Details that could throw doubt on your interpretation must be given, if you know them. You must do the best you can — if you know anything at all wrong, or possibly wrong — to explain it. If you make a theory, for example, and advertise it, or put it out, then you must also put down all the facts that disagree with it, as well as those that agree with it. There is also a more subtle problem. When you have put a lot of ideas together to make an elaborate theory, you want to make sure, when explaining what it fits, that those things it fits are not just the things that gave you the idea for the theory; but that the finished theory makes something else come out right, in addition.

In summary, the idea is to try to give all of the information to help others to judge the value of your contribution; not just the information that leads to judgment in one particular direction or another. <<

May 17, 2010 at 10:28 AM | Unregistered CommenterJames Hill

DR - the quote you mention includes these words:

"...that did not fit his view that recent global warming is predominantly caused by human activity".

The point I make in the post above yours is that even Jones seems to admit that there has been no statistically significant warming for the last 15 years, so the AGW element is academic, is it not?

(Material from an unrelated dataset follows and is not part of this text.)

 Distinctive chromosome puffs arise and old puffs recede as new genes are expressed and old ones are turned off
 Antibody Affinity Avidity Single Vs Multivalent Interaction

May 17, 2010 at 11:12 AM | Unregistered CommenterDougieJ

DougieJ - I think it's possible to read too much into Phil Jones' BBC comment. Noisy data over a short time scale are difficult to assess - is the noise 'masking' a real trend, or is there no trend? The measured increase in temperature since 1995 just fails to reach statistical significance - Phil Jones' response to that is 'we should assess temperature data over a longer period'.

And I think the quote in my post uses 'recent' in the sense of 'since the 1970s' or so.

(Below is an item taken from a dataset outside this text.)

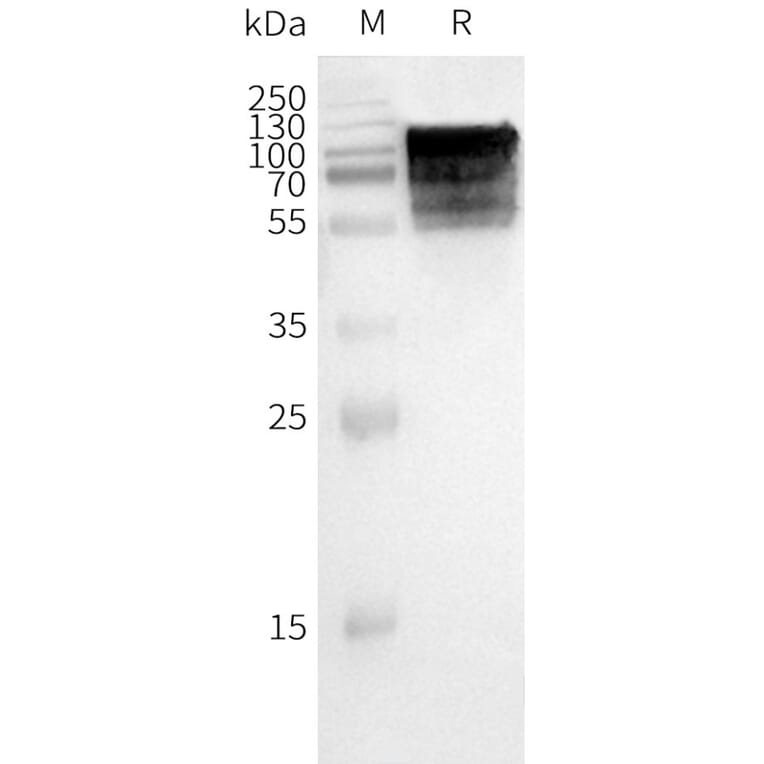 Western Blot - Synthetic Nanodisc Human GPCR GPR75 Protein (A318467) - Antibodies.com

May 17, 2010 at 12:12 PM | Unregistered CommenterDR

Pat Frank

I do love your rhetoric. You might run for office.

May 17, 2010 at 7:51 PM | Unregistered CommenterDon Pablo de la Sierra

Your criticism is sans substance, Don Pablo.

May 17, 2010 at 10:33 PM | Unregistered CommenterPat Frank

Just like your rhetoric. You right hundreds of words and say nothing. Very boring.

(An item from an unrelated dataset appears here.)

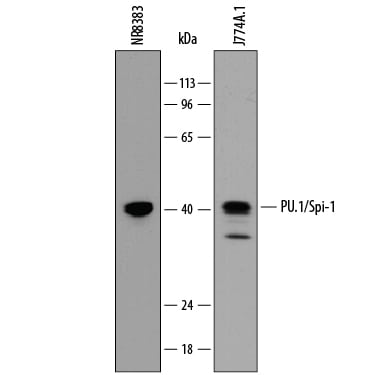 Detection of Mouse and Rat PU.1/Spi-1 antibody by Western Blot.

May 18, 2010 at 1:25 AM | Unregistered CommenterDon Pablo de la Sierra

Don Pablo. Right. evidence that academic physicists produce more than just words is hard to find. Likewise academic chemists. Academic biologists?, clearly nothing to see.

Here's an example of some of my own recent experimental work re-writing the solution structure of cupric ion, but obviously validating your claim that academic scientists don't have to produce anything, have no stake in physically reliable results, and toy around with mathematically dense but substantively vapid theories.

You're also dead right on, of course, that remarking on the lack of independent V&V of GCMs is empty of significance.